### Information provided ###

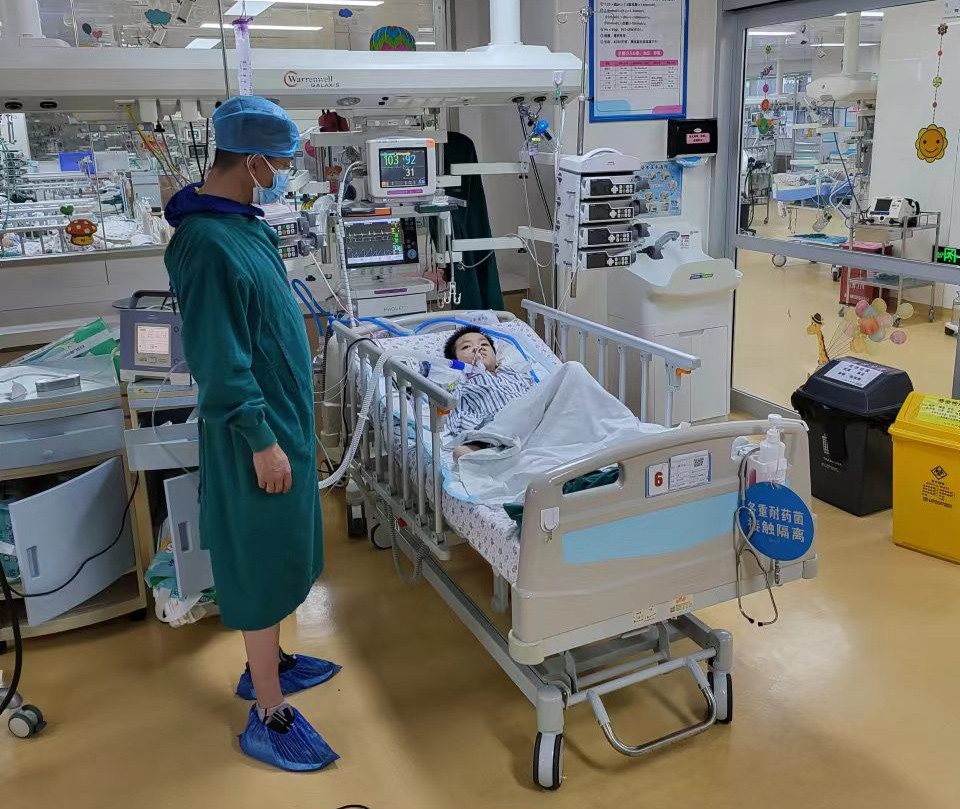 福泉市跨省救护车出租公司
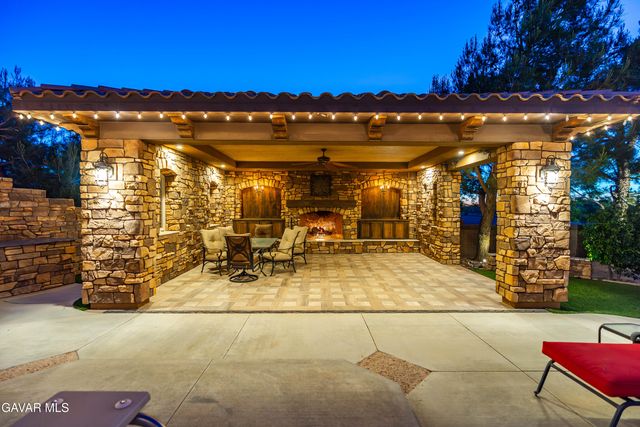 3211 Paddock Way, Quartz Hill, CA 93536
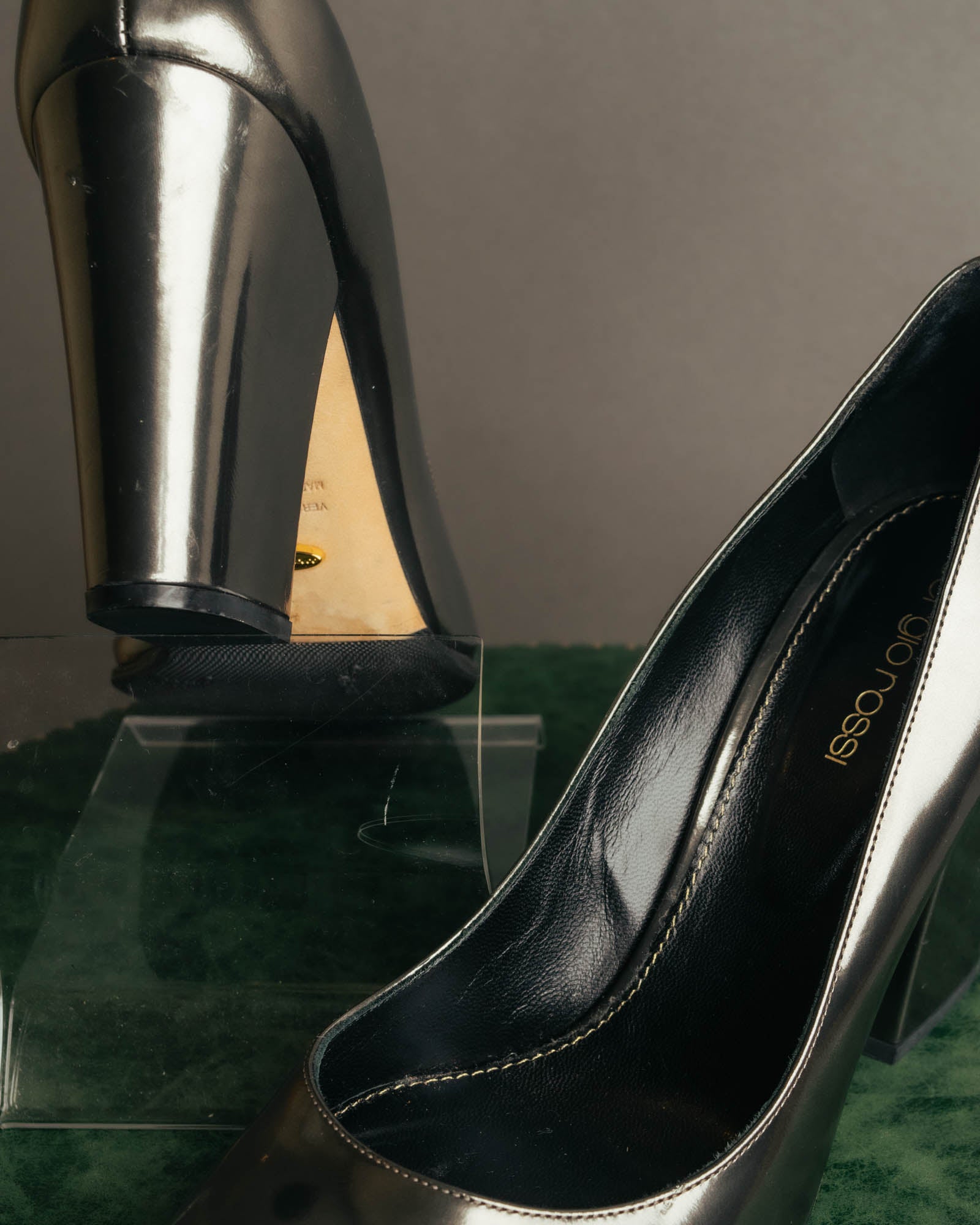 "Sergio Rossi" 00's-10's Glossy black leather high heel pumps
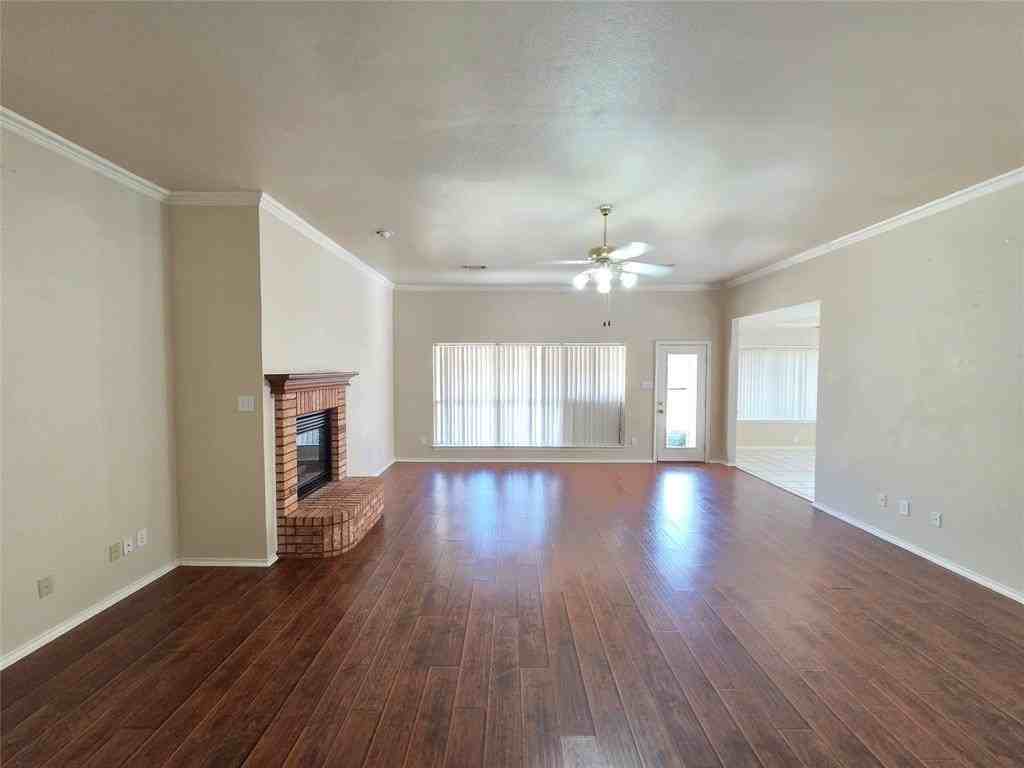 2308 Welch Pl - Photo 6 of 40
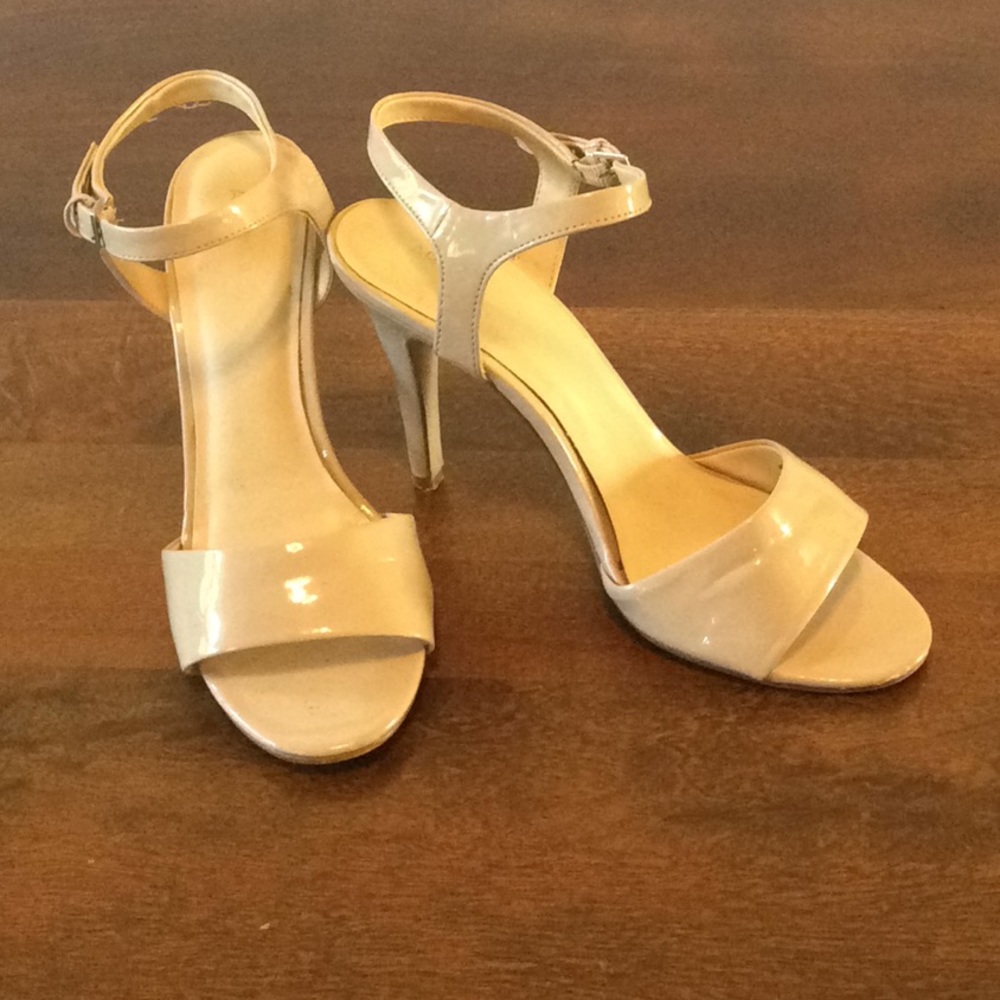 Nude Apt 9 High Heel Shoes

###

Exercise:
Without including any picture, copy the listing above exactly and in full.

Result for this task:
 福泉市跨省救护车出租公司
 3211 Paddock Way, Quartz Hill, CA 93536
 "Sergio Rossi" 00's-10's Glossy black leather high heel pumps
 2308 Welch Pl - Photo 6 of 40
 Nude Apt 9 High Heel Shoes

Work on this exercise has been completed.